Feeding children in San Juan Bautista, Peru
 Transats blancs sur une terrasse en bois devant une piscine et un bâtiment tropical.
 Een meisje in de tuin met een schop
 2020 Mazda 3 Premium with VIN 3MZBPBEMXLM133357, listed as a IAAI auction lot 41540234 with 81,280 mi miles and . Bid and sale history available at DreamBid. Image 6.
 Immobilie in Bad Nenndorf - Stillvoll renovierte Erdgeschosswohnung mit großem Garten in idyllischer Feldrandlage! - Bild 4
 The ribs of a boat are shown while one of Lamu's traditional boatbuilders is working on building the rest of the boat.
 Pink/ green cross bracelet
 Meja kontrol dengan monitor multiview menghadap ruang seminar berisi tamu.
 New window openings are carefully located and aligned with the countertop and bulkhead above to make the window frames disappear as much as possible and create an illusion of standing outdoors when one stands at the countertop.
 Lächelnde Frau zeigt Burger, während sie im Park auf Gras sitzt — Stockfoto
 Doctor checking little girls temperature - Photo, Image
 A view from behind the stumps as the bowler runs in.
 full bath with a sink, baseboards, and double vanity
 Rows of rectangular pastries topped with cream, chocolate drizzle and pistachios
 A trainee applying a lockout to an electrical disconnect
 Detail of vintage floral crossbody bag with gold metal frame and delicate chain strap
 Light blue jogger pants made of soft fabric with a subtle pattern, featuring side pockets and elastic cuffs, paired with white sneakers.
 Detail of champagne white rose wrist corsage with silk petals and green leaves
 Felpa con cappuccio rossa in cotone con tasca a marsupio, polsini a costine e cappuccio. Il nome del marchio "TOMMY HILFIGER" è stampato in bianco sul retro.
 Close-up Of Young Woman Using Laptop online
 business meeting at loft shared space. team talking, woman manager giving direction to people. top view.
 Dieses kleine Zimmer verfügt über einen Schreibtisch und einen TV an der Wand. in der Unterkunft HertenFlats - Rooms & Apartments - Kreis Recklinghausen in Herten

________________

PROBLEM STATEMENT
Search the data for the string "white" and copy each line where it appears.

RESPONSE TO THE TASK
 Light blue jogger pants made of soft fabric with a subtle pattern, featuring side pockets and elastic cuffs, paired with white sneakers.
 Detail of champagne white rose wrist corsage with silk petals and green leaves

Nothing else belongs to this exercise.